Knowledge Management – The explosion of data in HPC must not only be efficiently stored and made available for access, but the content must be effectively managed and curated. As data is shared and updated over time, the provenance of the data becomes ever more critical to the reliability of the experiments. Although there have been some successful efforts toward data model definition and taxonomies in some fields, most of the existing content management systems – and the knowledge derived from that content – have been ad hoc and added later in the cycle. Adding knowledge management into the foundation of the information architecture enables team collaboration and sharing valuable insight between scientists – that would otherwise have been overwhelmed by the sheer volume of raw data.
Next Generation Solid State Storage – There are numerous opportunities to improve the storage hierarchy using the next generation of solid-state devices. Fully utilized, these will enhance the capabilities glimpsed at with FLASH-based SSDs to lower cost, improve reliability and dramatically improve performance. The next generation of Solid State Storage memory technologies promise performance similar to DRAM, superior non-volatile storage characteristics and architectures that will allow them to be very cost-effective. This has the potential to dramatically change the storage paradigm from a block centric I/O model to a byte addressable model.
Behavioral Systems Analytics – When looking at the entire Exascale complex, it is clear that system management will need to take on a broader and more holistic view of managing the entire application process.
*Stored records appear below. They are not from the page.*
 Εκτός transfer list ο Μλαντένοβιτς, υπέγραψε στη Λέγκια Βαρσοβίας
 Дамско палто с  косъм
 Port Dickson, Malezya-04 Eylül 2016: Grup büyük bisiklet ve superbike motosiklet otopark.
To enhance systems management, software and hardware sensors could be applied at every critical juncture or level of the HPC architecture to provide state or metering data. By utilizing this sensor or agent-based telemetry, we should be able to capture evidence of the system behavior, analyze & visualize it and derive proactive operational optimizations to the overall HPC process.
DDN has worked with some of the leading HPC users in the world, listening to their needs and building HPC systems to help them deliver better results, faster. It is clear that the move to Exascale will require disruptive innovation in the HPC architecture, and the I/O subsystem in particular, to reach this next level of capability.
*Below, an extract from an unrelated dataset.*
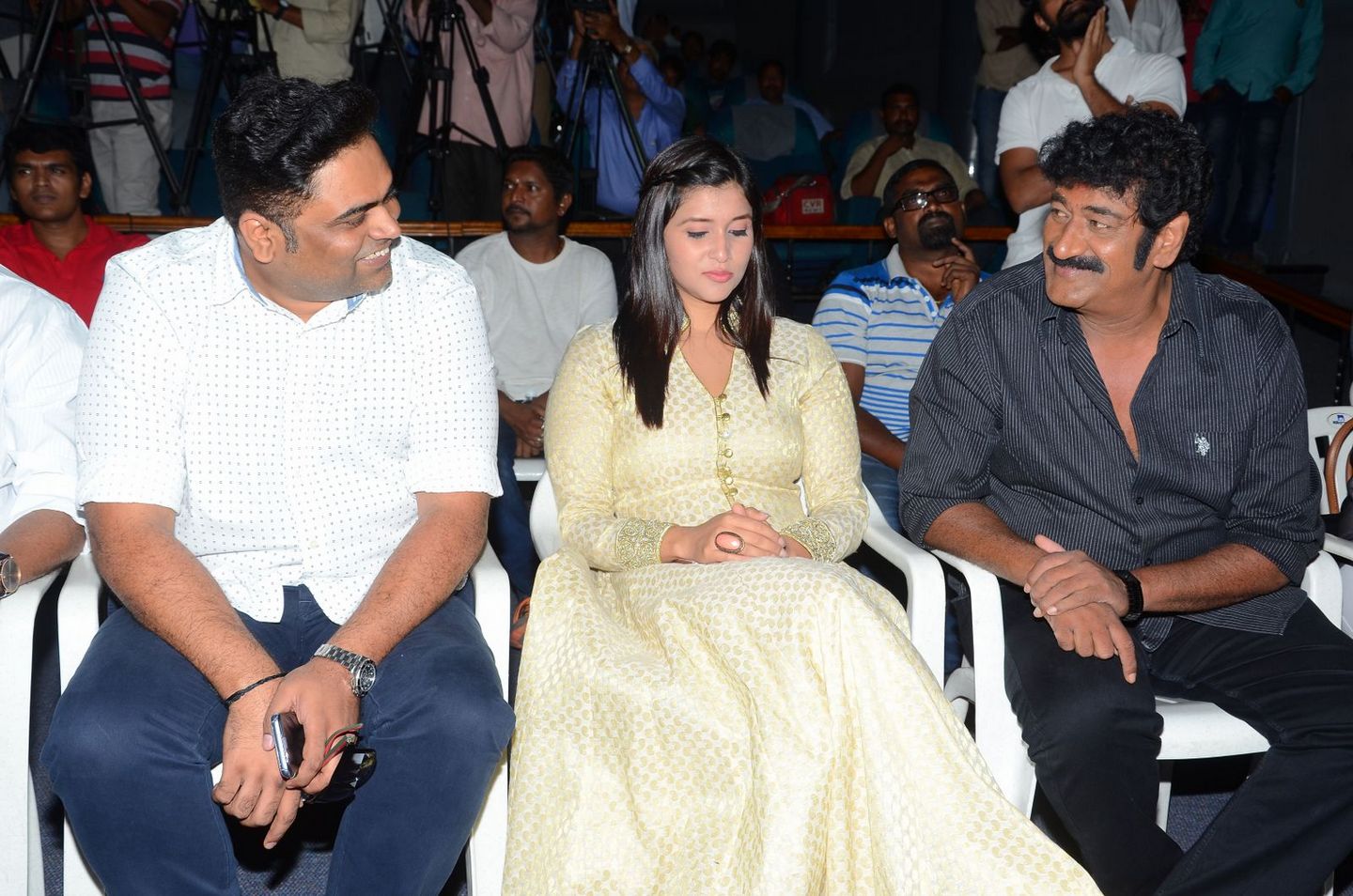 Thikka First Look Launch Photos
As such, DDN offers a series of questions to the HPC community:
- What types of processing phases (pre, core, post) would benefit from In-Storage Processing as an alternative to moving data from storage to cluster for every type of function?
- Can applications evolve away from POSIX to a native object interface to enhance scalability and system performance?
- Should knowledge management and provenance tracking become a component of the system’s foundation managed collaboratively with the application?
- What new capabilities do future non-volatile memory technologies and the change in the storage I/O paradigm from block access to byte-addressable memory bring to HPC?
- Does the community believe that HPC systems efficiency can be improved by leveraging telemetry and behavioral analytics?
DDN looks forward to an open discussion (at ISC’12 and beyond) about the key issues and opportunities confronting the HPC community as it moves toward Exascale.